ABSTRACT

It is not known how, where or when Henry Sylvester Williams arrived in North America. 1 Nor do we know why he decided to go there. Emigration from the English-speaking West Indies to the US was not common at this time. Annual figures, until 1903 when they began to escalate, were around a hundred. 2 However, emigration to Britain, the ‘Mother Country', superficially a more likely destination, would have been even more uncommon, except for students bound for the universities. Such students would have been in receipt of scholarships, or of private funding as there was no tradition in Britain of students working their way through their undergraduate degrees.

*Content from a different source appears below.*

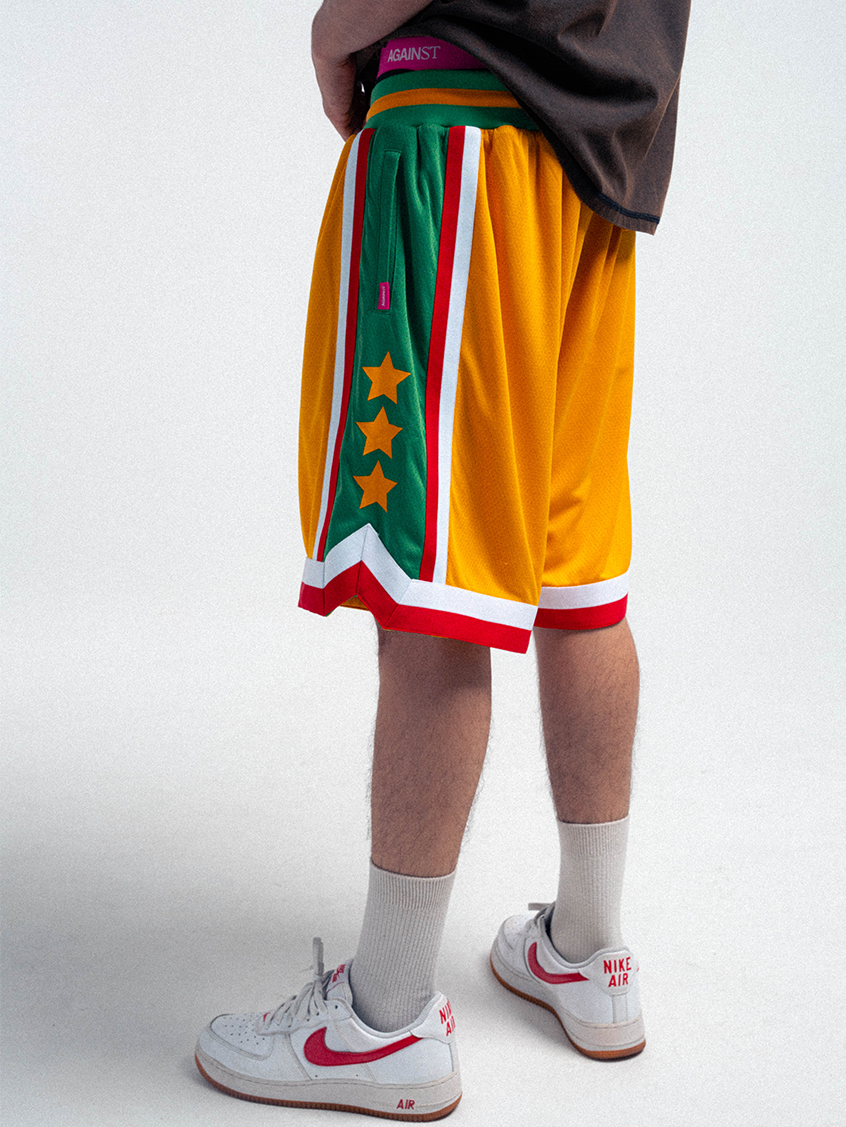 Rasta All Star Shorts Yellow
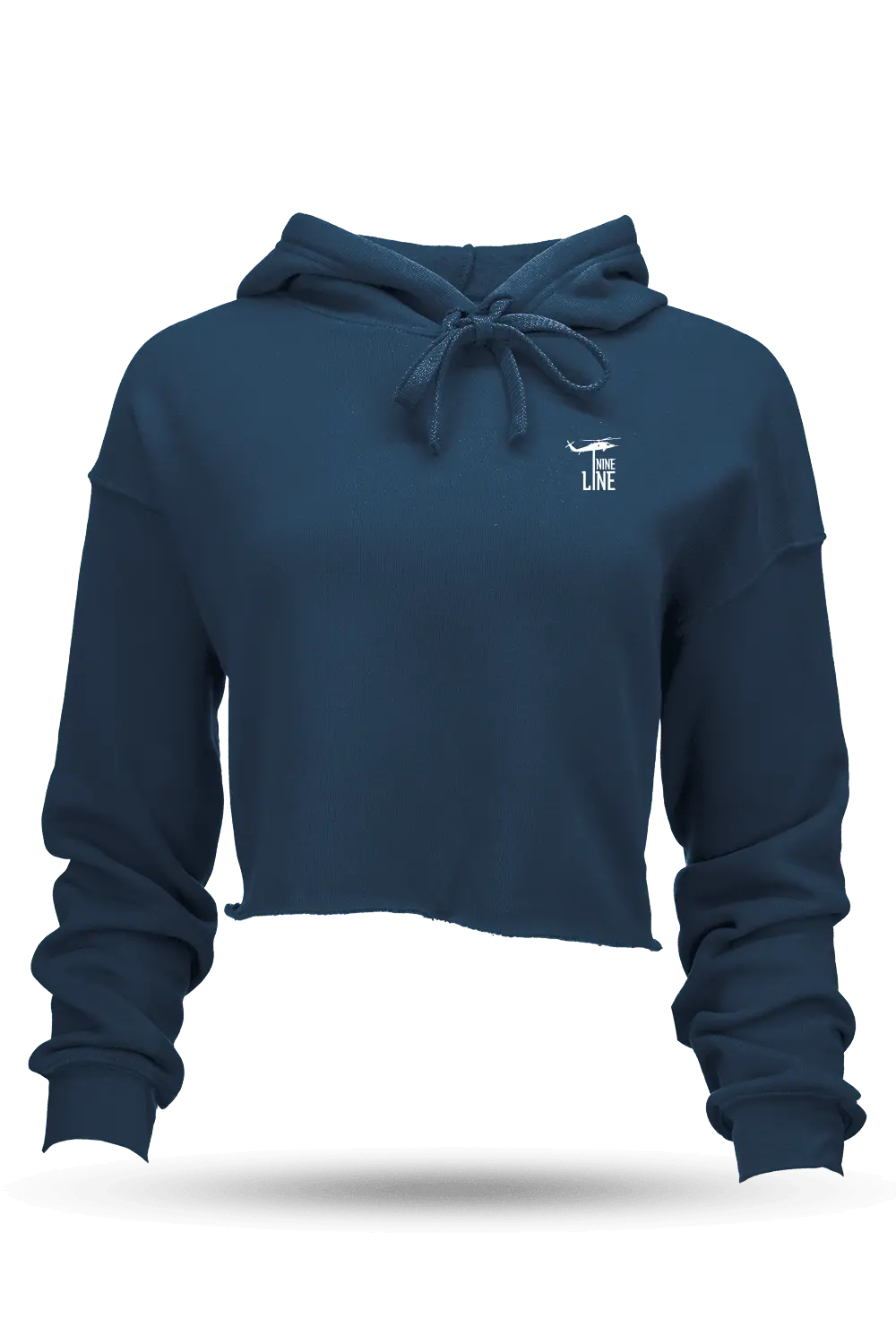 Small Dropline Logo - Women's Cropped Hoodie 1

Nor was there a tradition of immigration from the Caribbean, though over the centuries many people from Britain's West Indian ‘possessions' had settled in the ‘Mother Country'. In the earlier period, some were brought in as household slaves and then as servants by returning planters and ship's captains; others arrived as seamen or possibly in British regiments which had served in the West Indies. Later, probably from the 19th century, Blacks came as merchants, or simply to improve their prospects; some civil servants retired in Britain and some professionals, once qualified, preferred to practise in Britain rather than in the colonies. 3 Did Williams hope to earn enough in the US to accumulate sufficient funds for an English university education? Or to train as a barrister? As there is no record of his having attended an educational institution in the US, but as he did briefly attend a British university, we have to presume that he saw his future as lying not in the US but in Britain and its empire/commonwealth.